» **TASK DESCRIPTION**
Only one stretch of the data is wanted: the line containing "Czarna sofa trzyosobowa, skóra", the line containing "Students and Celebration", and every line between them, copied exactly.

» **DATA SECTION**
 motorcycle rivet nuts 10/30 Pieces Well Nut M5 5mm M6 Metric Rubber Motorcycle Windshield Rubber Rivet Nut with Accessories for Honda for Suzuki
---
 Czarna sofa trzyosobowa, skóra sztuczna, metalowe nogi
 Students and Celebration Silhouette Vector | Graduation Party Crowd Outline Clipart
==
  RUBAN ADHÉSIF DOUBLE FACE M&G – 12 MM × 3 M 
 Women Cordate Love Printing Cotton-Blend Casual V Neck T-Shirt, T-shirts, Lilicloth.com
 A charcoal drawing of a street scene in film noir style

» **PROBLEM SOLUTION**
 Czarna sofa trzyosobowa, skóra sztuczna, metalowe nogi
 Students and Celebration Silhouette Vector | Graduation Party Crowd Outline Clipart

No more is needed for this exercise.